What nobody else will say..

I've always wanted to be a Mom. You've heard that before, right? I remember babysitting my cousins and making homemade playdough, and cutting up their foods into bite size pieces, playing with them outside and getting just as dirty, painting projects, and more. "You're going to make the best Mom someday." I heard that from many.

Someday occurred January 5th, 2017. When I first found out I was pregnant my husband just lost his job because his company lost the account and it was the only one in our state. We became pregnant the month we decided we were done trying after 9 months of negative tests. Weird how that works. Anyways, my husband found a new job fortunately, but it is a night shift position. 7 days on of 12 hour shifts, so he was gone 4pm-6am.

I was kind of left to my own defenses raising a newborn. My mom had also just moved a state away a week before we found out we were pregnant, and my dad passed a while ago. I felt so alone. I had a baby on my breast constantly who was very colicky and constantly needed me, but I cannot remember a time where I felt more lonely.
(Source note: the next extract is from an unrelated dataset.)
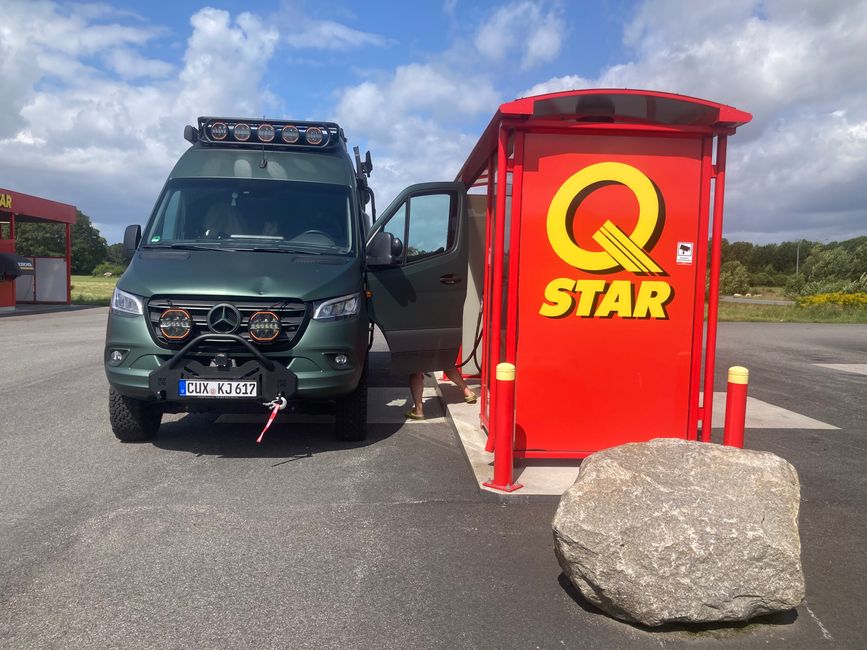 Kärrasands Camping => Greve Marina Hejren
I cried, a lot.

Fast forward and my little colicky baby turned into a spunky toddler. I love her more than anything, truly. But SHIT I miss me. I miss being able to do what I want. I'm 18 weeks pregnant (not planned) and I feel fatter than ever. How I long to go for a long walk. But, there's my toddler running towards the street or throwing a tantrum because I put her in the stroller. Turn around, let's go back home. Text comes through, "Do you want to go to breakfast with me?" YES, I would love to. But then images flash in my mind of my toddler screaming at the last restaurant we tried, with dirty looks from surrounding people. "Maybe next time" I reply.

I used to love photography. There's an idea. We can go outside in our yard and she can play and I can take pictures. .........
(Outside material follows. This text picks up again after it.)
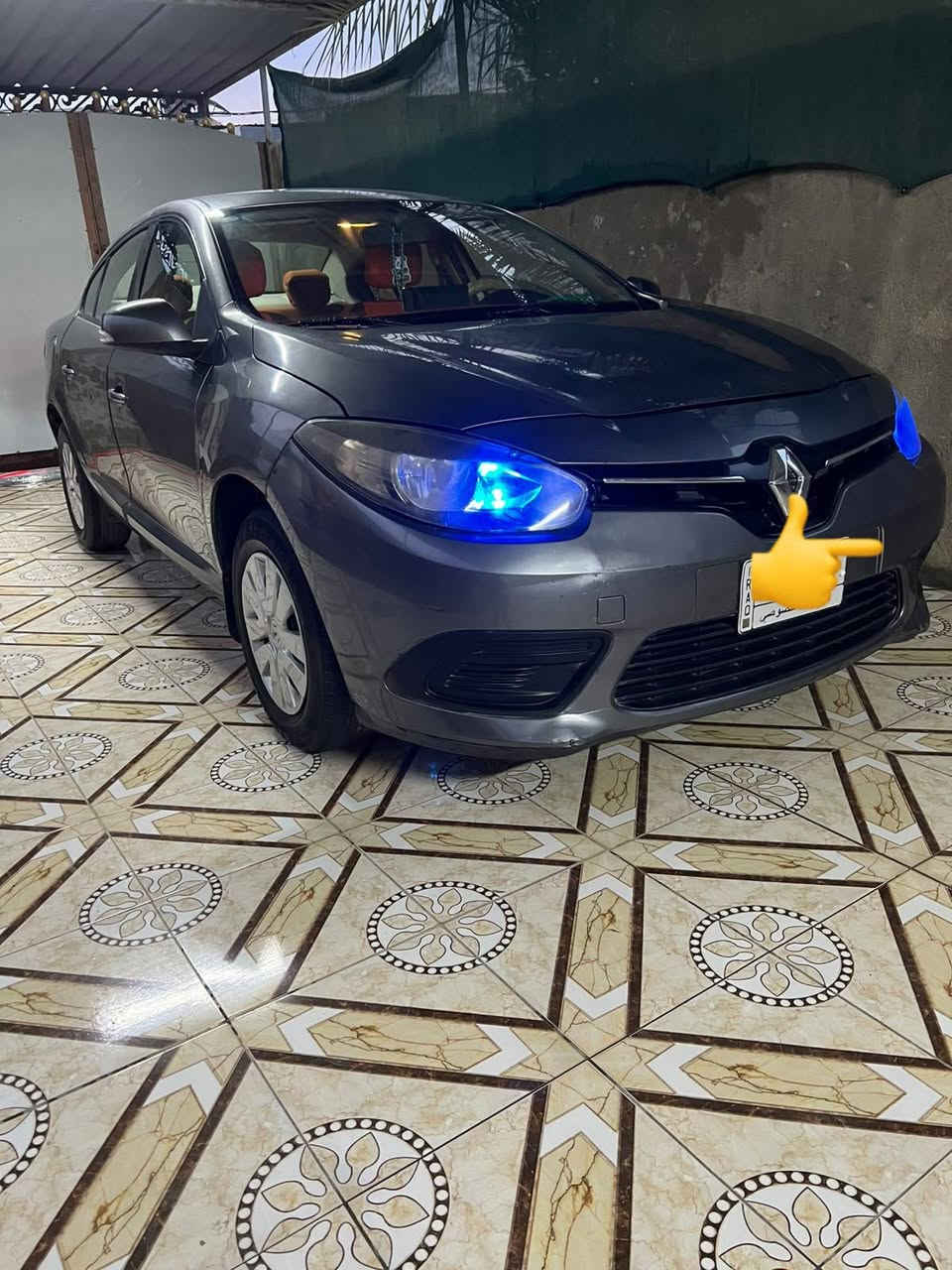 فلونس • ٢٠١٦ • مكفوله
.... Okay, nap time it is. And while you nap I can make dinner and clean this house and do laundry and make my husbands lunch for once and maybe even a homemade dessert and maybe even take some pictures and....

Here I am instead. Exhausted. Overwhelmed. Unsure of how I'm going to do this with two babies. Scared.

Dear God, help me be the best mom I can be and please remove these selfish thoughts of mine, wanting so badly to just be ME.